Transcribe the listing word for word, beginning at its first line and ending at the line containing "FLOORS TO FLOORS"; omit the pictures.

• Data listing:
┌──

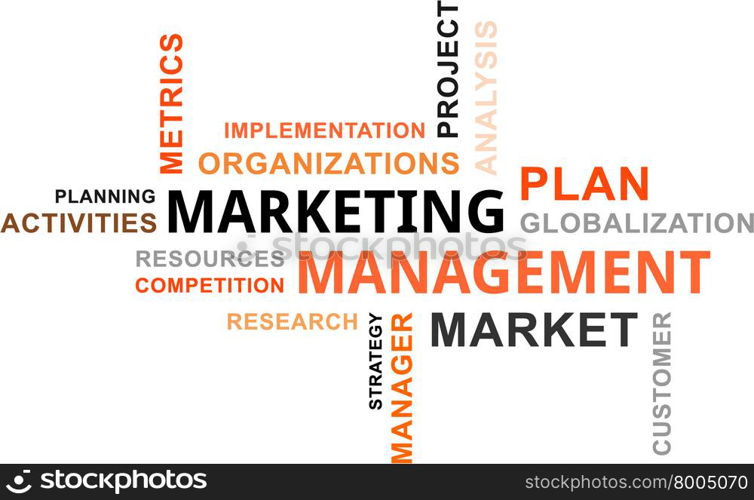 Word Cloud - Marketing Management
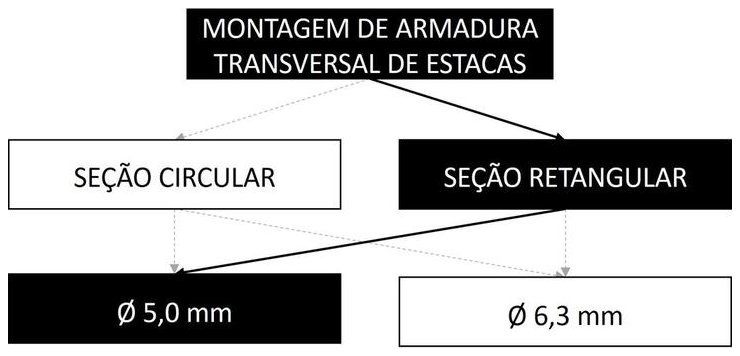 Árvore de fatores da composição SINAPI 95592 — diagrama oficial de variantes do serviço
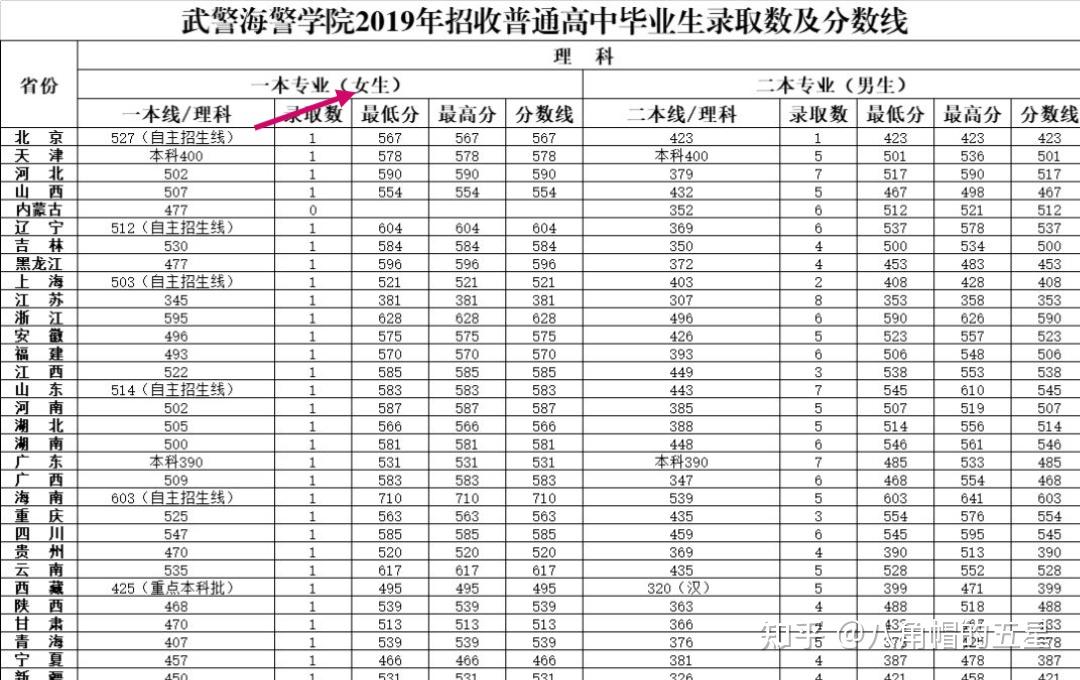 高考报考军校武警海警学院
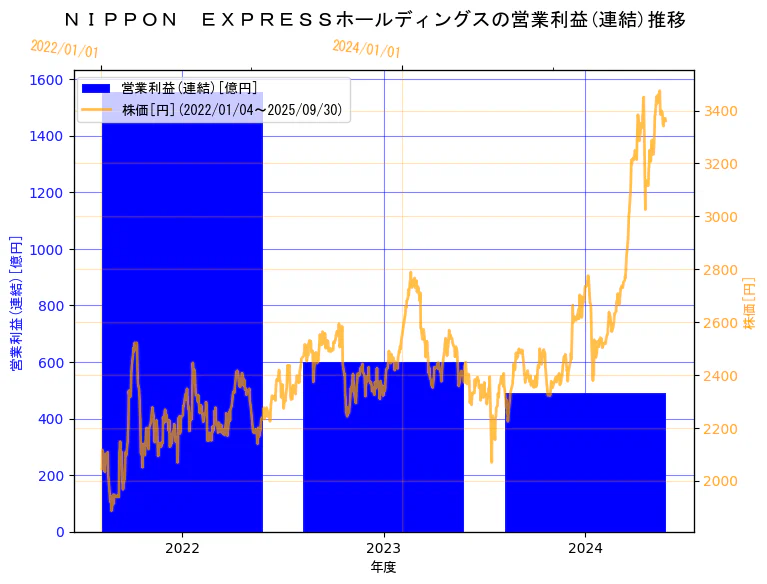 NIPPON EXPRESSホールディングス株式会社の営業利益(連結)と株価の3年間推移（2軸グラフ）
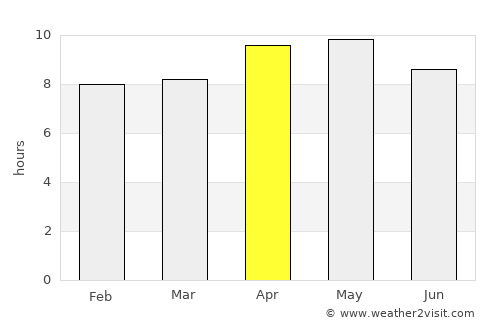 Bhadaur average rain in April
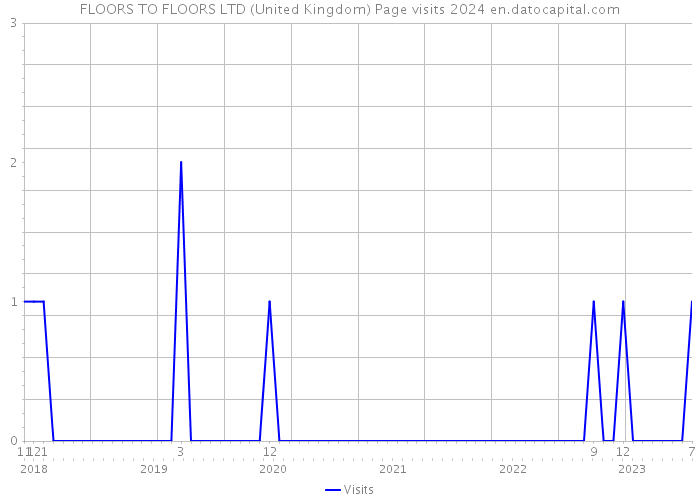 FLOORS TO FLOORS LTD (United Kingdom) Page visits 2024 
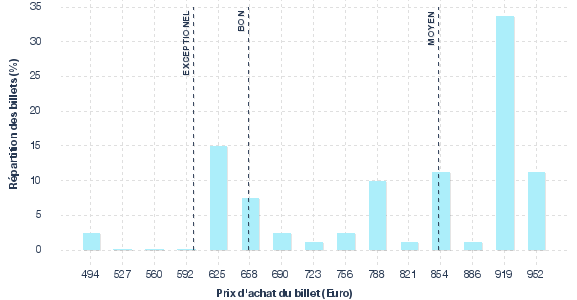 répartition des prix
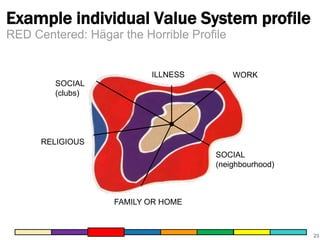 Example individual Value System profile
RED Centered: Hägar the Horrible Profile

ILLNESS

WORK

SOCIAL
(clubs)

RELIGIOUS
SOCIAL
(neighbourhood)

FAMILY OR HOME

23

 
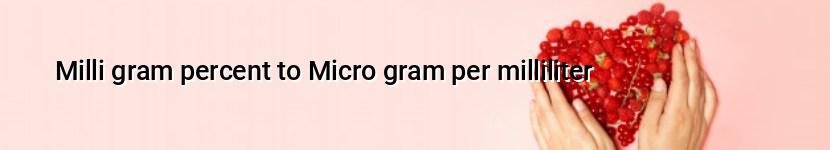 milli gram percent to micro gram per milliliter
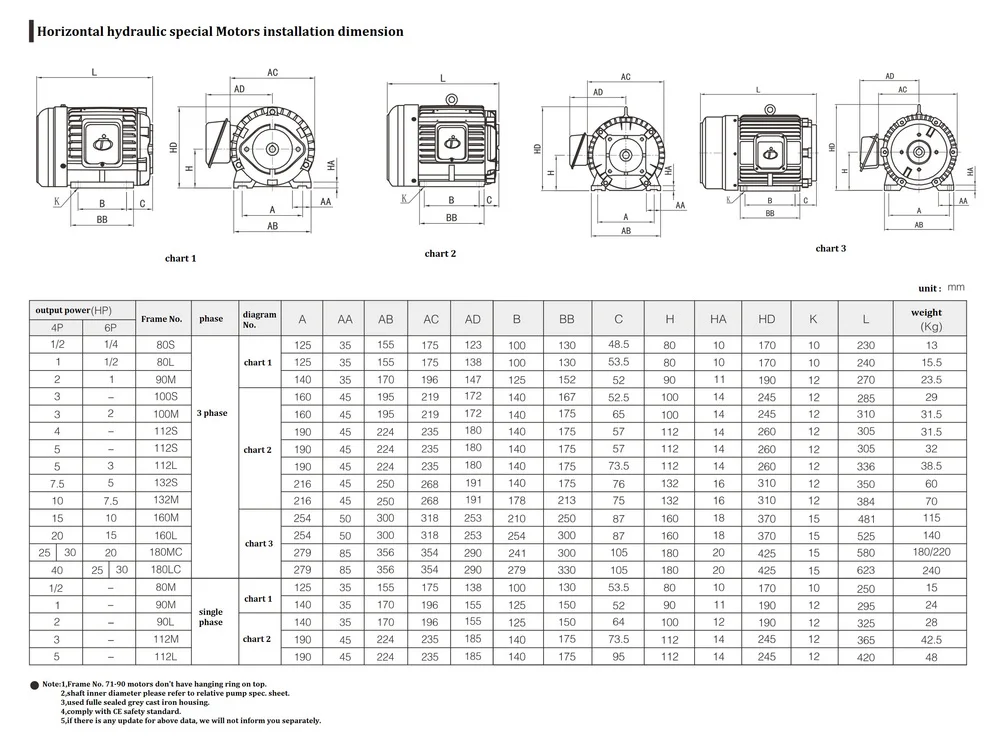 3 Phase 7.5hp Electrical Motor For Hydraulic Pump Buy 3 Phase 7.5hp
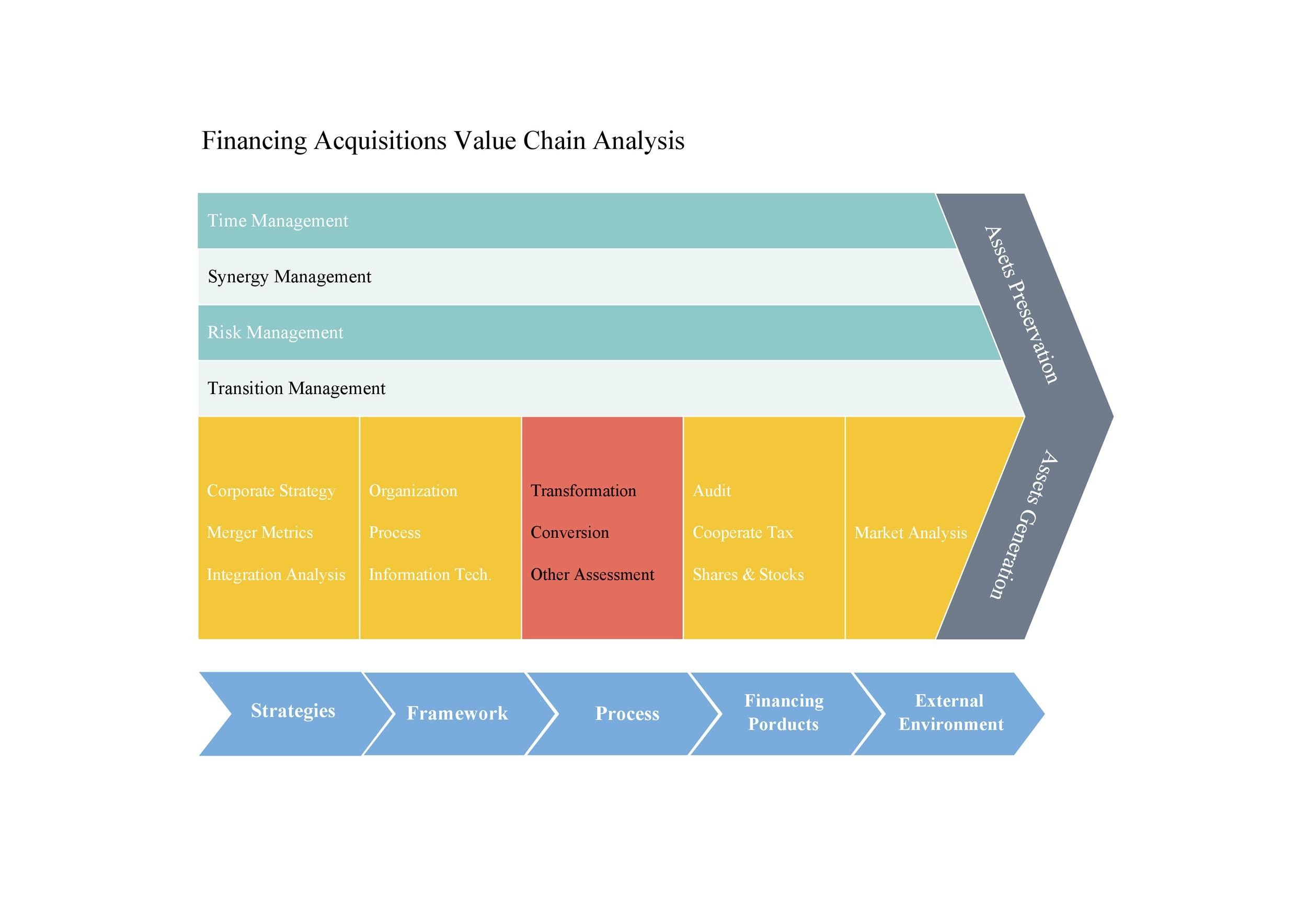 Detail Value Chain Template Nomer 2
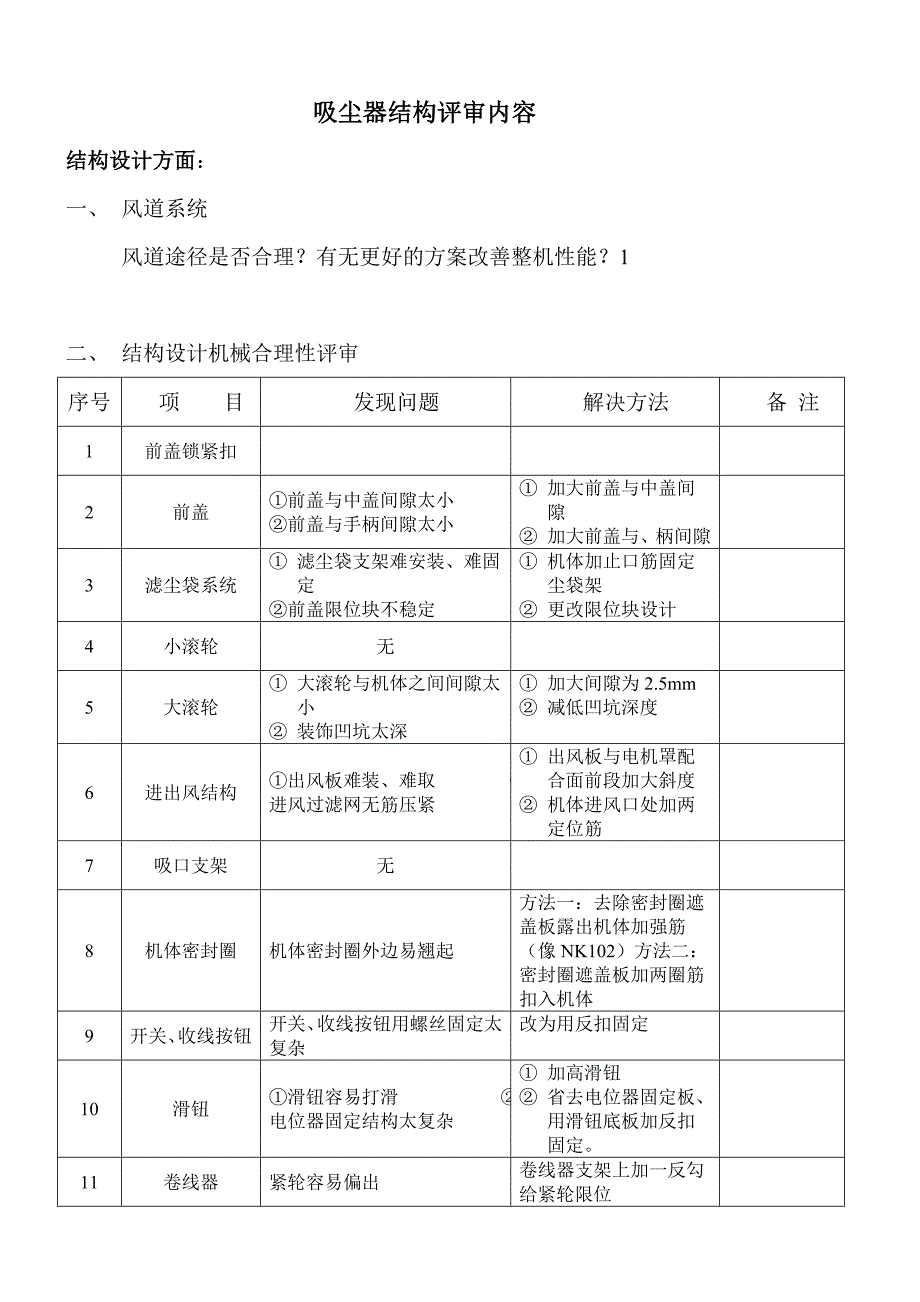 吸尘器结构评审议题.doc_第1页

└──

• Answer to the exercise:
 Word Cloud - Marketing Management
 Árvore de fatores da composição SINAPI 95592 — diagrama oficial de variantes do serviço
 高考报考军校武警海警学院
 NIPPON EXPRESSホールディングス株式会社の営業利益(連結)と株価の3年間推移（2軸グラフ）
 Bhadaur average rain in April
 FLOORS TO FLOORS LTD (United Kingdom) Page visits 2024 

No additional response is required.